Dataset content>
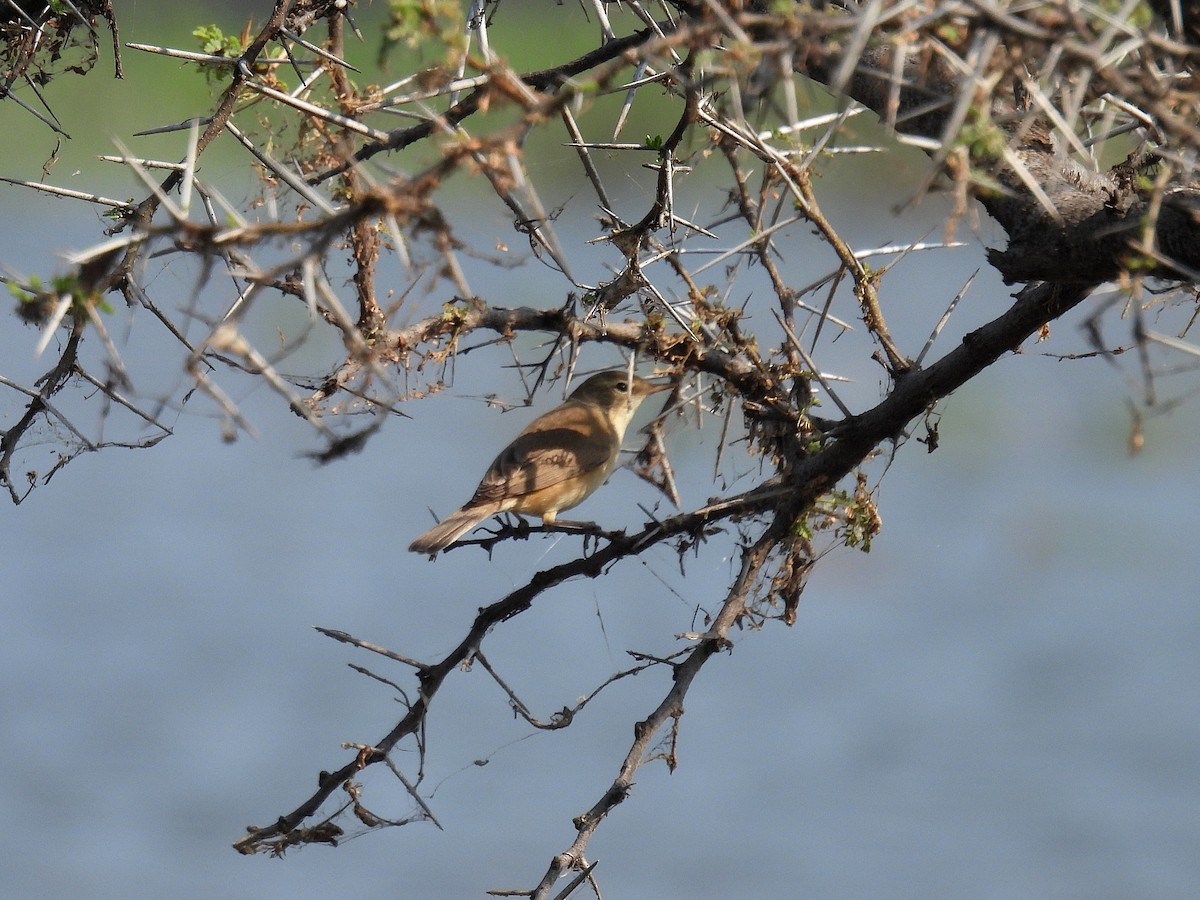 Sykes's Warbler - ML645818603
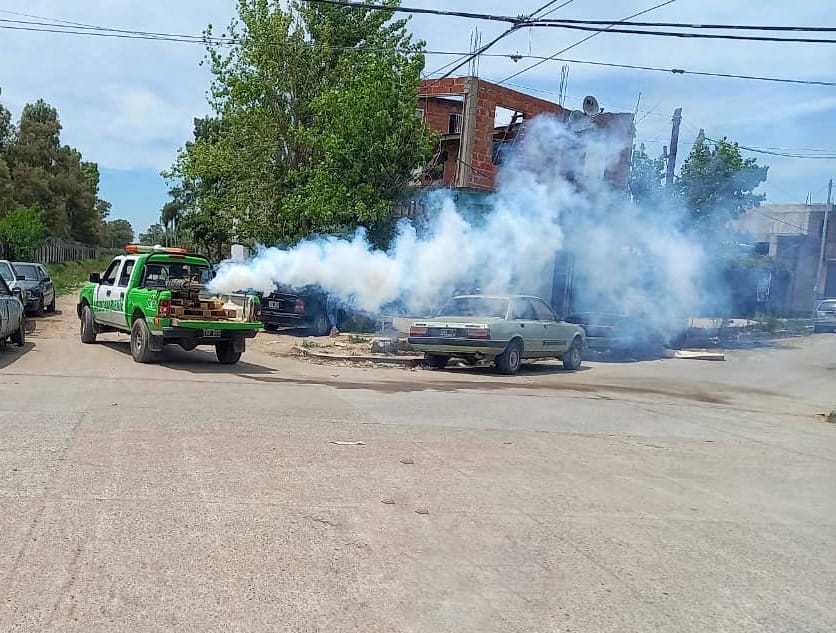 EL MUNICIPIO CONTINÚA CON TAREAS DE FUMIGACIÓN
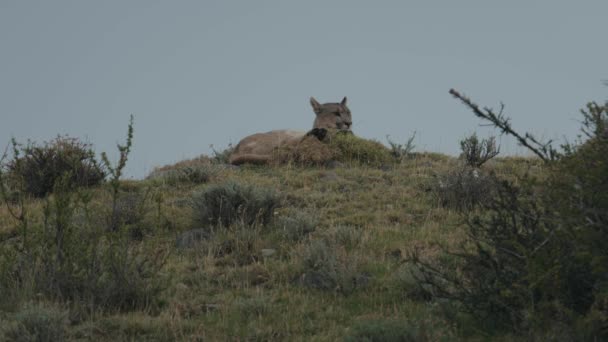 Puma Vuelta Mientras Acuesta — Vídeos de Stock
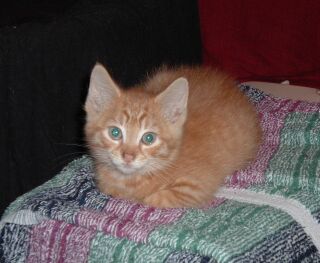 Simon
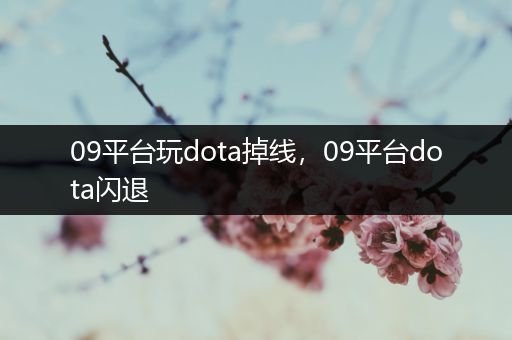 09平台玩dota掉线，09平台dota闪退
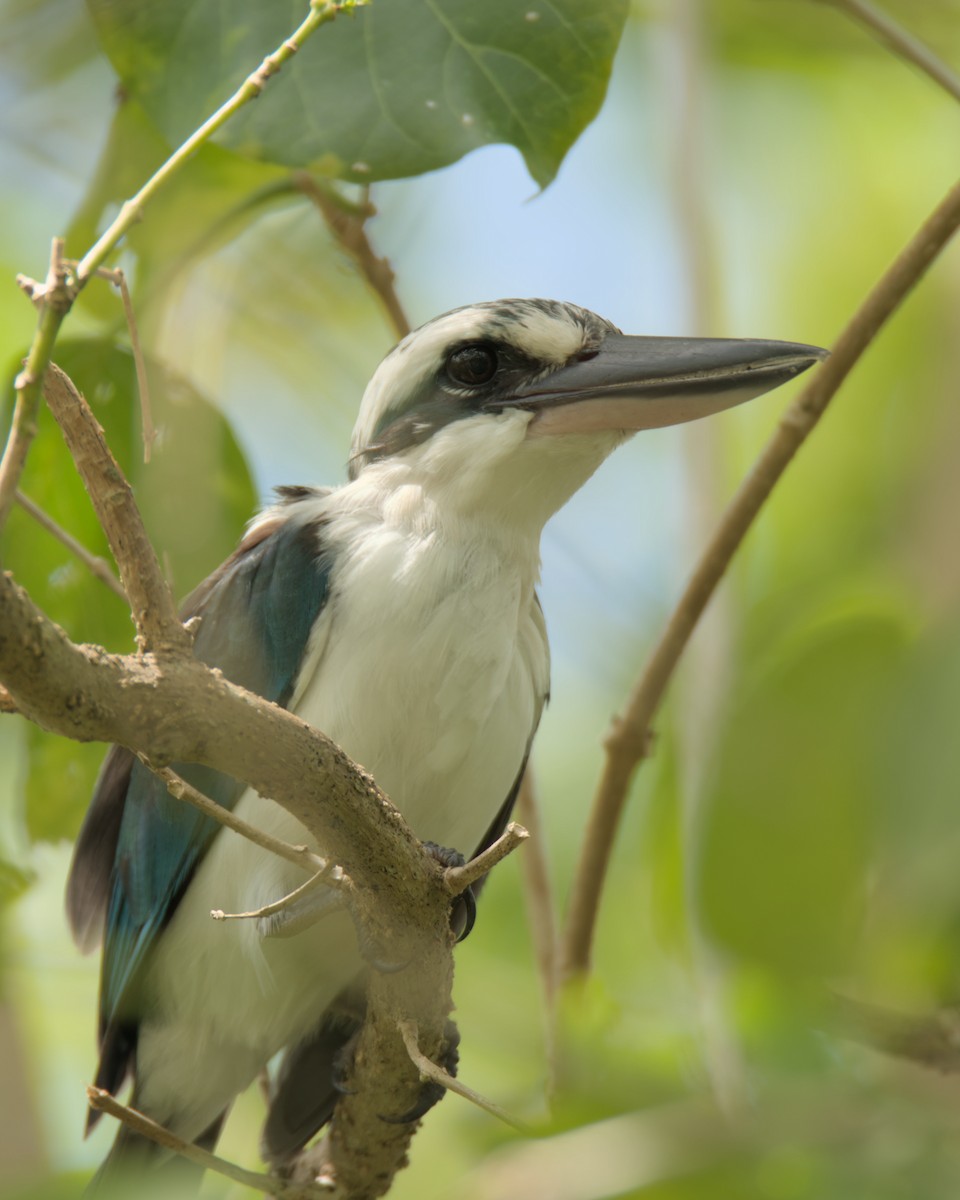 Mariana Kingfisher - ML623904828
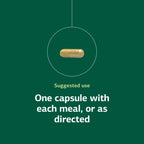 Standard Process Ostarplex - Dietary Supplement for Connective Tissue Health - Aids Liver Health & Function - Contains Vitamin B6 - Non-Dairy - 90 Capsules (90 Servings)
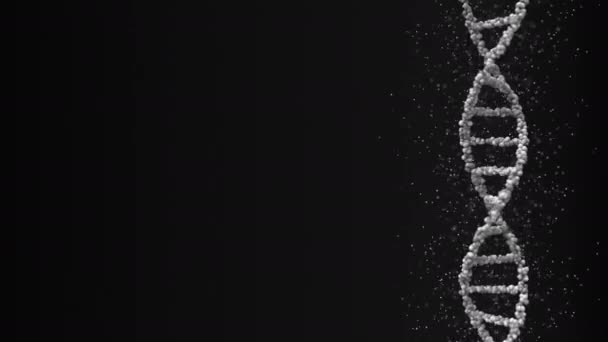 Conceptuele loop bare 3D-animatie van grijs DNA molecuulmodel — Stockvideo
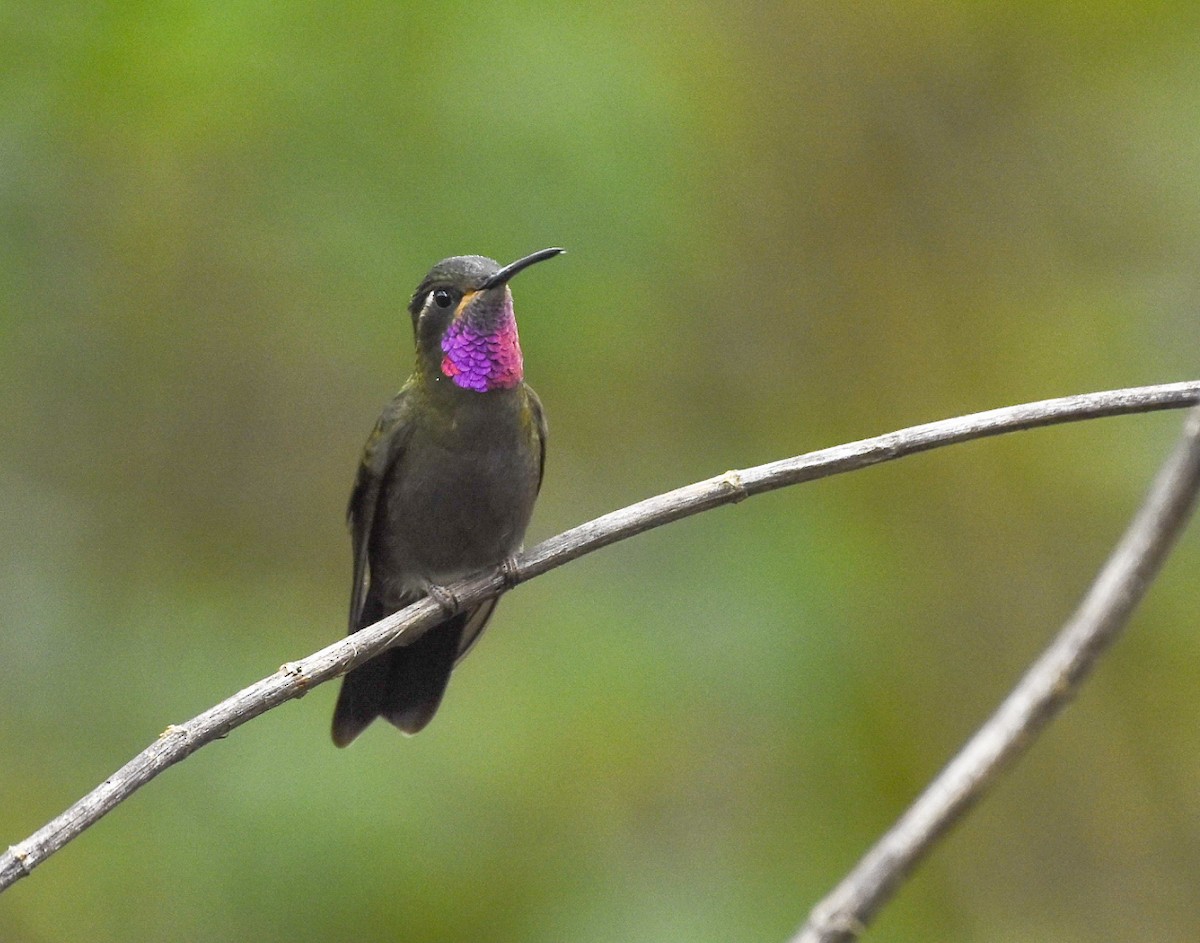 Amethyst-throated Mountain-gem - Esteban Matías (birding guide) Sierra de los Cuchumatanes Huehuetenango esteban.matias@hotmail.com                             +502 53810540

What the task asks> The result should be the listing above, restated exactly, with no pictures in it.

Result>
 Sykes's Warbler - ML645818603
 EL MUNICIPIO CONTINÚA CON TAREAS DE FUMIGACIÓN
 Puma Vuelta Mientras Acuesta — Vídeos de Stock
 Simon
 09平台玩dota掉线，09平台dota闪退
 Mariana Kingfisher - ML623904828
 Standard Process Ostarplex - Dietary Supplement for Connective Tissue Health - Aids Liver Health & Function - Contains Vitamin B6 - Non-Dairy - 90 Capsules (90 Servings)
 Conceptuele loop bare 3D-animatie van grijs DNA molecuulmodel — Stockvideo
 Amethyst-throated Mountain-gem - Esteban Matías (birding guide) Sierra de los Cuchumatanes Huehuetenango esteban.matias@hotmail.com                             +502 53810540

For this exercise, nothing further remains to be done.